The other thing is the scraps. I can't seem to make myself throw out scraps. I've got boxes of them, all shapes and sizes. I never use them. The slough from milling, I might use it for something, ... someday.... It's a wonder I don't keep sawdust... but you know...

Alan

Reactions: Like 1 | Thank You! 1 | Sincere 1


----------



## woodtickgreg (Jan 18, 2021)

Your just a normal wood worker, lol. We all do it. Get a wood stove or a fire pit and clean your shop once in awhile, lol.

Reactions: Like 1 | Agree 2


----------



## Alan R McDaniel Jr (Jan 18, 2021)

I did haul a little trailer load over to my burn pile the other day. I splashed diesel on it and set it on fire before I could think about it too long. Just when the flames were getting going good I saw this little piece that I wished I'd saved....

Alan

Reactions: Funny 5 | Sincere 2


----------



## Eric Rorabaugh (Jan 18, 2021)

Or post your scraps for sale on here. A lot of guys will use them in their projects. It will sell if the price is right.

Reactions: Agree 4


----------



## Matt3d03 (Jan 18, 2021)

I'd certainly be interested!

Reactions: Like 1


----------



## Sprung (Jan 18, 2021)

I found out that packing up and moving helps to clear out some of the clutter/excess wood.  We moved a little over a year ago. It prompted me to sell some stuff, give some stuff away, and then burn a bunch of stuff.

Reactions: Agree 1


----------



## Wildthings (Jan 18, 2021)

Y'all QUIT telling him to burn those gorgeous scraps until he shows and offer them to us to buy. OOOOHHHH for some pecan and mesquite and ?????????

Reactions: Like 1 | Agree 2


----------



## Tony (Jan 18, 2021)

heck, plenty of pen turners, jewelry makers, etc. here that would gladly relieve you of your scraps. One man's trash..

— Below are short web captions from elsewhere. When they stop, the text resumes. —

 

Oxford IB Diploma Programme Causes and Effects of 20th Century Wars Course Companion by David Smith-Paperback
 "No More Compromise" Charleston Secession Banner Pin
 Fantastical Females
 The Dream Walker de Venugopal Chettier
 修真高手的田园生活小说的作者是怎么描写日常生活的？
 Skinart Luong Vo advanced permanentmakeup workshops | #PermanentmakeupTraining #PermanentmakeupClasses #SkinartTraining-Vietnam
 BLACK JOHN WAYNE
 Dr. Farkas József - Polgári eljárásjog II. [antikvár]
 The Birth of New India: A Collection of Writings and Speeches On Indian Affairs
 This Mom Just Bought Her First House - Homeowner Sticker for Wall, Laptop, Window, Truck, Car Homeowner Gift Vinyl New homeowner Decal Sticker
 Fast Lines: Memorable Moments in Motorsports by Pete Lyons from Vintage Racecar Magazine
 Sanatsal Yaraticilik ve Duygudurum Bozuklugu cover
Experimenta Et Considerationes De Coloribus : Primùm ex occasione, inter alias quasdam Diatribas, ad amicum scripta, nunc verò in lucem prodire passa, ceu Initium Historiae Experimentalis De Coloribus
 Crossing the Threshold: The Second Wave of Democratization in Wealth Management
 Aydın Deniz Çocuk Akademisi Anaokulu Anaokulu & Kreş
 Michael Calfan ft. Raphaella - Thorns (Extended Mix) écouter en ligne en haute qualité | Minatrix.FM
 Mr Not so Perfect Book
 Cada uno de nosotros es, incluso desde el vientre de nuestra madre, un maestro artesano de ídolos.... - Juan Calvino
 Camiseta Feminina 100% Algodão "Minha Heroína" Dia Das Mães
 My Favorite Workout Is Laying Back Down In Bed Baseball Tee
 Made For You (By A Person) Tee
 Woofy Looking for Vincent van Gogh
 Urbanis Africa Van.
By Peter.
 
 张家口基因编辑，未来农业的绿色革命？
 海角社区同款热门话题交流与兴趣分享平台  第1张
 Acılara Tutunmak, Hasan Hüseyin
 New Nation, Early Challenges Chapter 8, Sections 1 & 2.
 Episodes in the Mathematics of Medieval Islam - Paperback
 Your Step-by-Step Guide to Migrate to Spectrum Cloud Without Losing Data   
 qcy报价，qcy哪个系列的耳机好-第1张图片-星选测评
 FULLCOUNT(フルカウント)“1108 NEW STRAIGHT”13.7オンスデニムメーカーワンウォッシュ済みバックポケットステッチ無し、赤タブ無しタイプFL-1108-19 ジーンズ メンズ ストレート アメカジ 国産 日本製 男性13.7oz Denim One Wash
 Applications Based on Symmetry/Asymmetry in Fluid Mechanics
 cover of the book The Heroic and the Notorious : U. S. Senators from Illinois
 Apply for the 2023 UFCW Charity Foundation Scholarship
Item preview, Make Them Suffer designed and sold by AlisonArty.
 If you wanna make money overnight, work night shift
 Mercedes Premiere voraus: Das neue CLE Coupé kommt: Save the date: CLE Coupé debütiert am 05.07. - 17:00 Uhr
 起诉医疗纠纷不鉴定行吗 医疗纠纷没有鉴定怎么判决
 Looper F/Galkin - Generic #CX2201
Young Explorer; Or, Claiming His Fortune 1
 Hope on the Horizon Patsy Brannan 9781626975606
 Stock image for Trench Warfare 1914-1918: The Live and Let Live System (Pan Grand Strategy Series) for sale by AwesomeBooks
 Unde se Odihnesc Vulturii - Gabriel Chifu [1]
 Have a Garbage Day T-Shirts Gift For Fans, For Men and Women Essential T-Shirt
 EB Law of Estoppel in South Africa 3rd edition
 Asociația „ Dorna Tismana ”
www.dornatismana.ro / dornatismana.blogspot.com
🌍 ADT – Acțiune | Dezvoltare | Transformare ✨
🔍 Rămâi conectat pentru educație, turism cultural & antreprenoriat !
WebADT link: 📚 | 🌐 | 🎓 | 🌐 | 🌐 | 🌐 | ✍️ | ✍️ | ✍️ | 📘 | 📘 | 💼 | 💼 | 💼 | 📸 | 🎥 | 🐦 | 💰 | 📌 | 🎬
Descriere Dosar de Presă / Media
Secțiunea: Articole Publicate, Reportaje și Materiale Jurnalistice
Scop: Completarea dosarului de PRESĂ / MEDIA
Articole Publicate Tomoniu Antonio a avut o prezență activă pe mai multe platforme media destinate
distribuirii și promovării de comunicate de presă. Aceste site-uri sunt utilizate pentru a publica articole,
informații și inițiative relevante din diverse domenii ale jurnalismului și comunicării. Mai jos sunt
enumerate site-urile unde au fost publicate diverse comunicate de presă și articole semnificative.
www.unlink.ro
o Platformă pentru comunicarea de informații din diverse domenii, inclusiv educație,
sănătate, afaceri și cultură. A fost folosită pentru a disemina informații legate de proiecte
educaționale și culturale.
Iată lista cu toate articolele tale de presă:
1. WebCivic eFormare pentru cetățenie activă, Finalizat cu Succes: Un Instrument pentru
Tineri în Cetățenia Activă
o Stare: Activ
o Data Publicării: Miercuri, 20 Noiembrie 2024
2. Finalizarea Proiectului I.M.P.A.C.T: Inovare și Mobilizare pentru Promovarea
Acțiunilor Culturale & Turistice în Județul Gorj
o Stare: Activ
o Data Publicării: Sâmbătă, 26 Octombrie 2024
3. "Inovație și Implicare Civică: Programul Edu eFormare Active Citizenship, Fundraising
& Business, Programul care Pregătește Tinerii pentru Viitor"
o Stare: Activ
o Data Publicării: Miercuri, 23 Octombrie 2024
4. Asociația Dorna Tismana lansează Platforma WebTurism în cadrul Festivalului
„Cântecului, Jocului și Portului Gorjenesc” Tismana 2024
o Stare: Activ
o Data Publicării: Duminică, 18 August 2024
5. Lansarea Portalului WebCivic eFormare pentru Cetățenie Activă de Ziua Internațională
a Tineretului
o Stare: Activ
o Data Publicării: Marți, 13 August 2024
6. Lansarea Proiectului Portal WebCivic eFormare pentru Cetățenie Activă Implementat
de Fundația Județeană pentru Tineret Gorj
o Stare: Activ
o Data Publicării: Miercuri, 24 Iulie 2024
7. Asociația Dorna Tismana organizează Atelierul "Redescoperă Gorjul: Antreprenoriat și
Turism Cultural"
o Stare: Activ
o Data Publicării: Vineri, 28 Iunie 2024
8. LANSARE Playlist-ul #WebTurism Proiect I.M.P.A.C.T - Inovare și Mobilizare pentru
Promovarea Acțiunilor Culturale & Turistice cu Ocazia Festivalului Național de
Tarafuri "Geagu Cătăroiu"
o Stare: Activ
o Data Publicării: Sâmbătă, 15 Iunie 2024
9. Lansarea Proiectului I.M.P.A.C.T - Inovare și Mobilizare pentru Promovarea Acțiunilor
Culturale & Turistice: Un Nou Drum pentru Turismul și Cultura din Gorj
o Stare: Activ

Reactions: Like 2 | Agree 1


----------



## trc65 (Jan 18, 2021)

Make a list of potential projects and write them all down on individual pieces of paper. Then make a list of wood species and do the same. Once or twice a year, pull a project out of the hat, then pick a wood out of the hat, then make it! You are the only one who can appreciate the wood while it's sitting in your shop, make something so your family/friends can enjoy it too.

Besides, think of how much fun you'll have by being the only one on the planet with an amboyna burl footstool! Then when someone asks what the hell where you thinking, you tell them how you arrived at the decision to do it and have a good laugh!

Reactions: Like 1 | Funny 2 | +Karma 1


----------



## Tom Smart (Jan 19, 2021)

Alan R McDaniel Jr said:


> It's a wonder I don't keep sawdust... but you know...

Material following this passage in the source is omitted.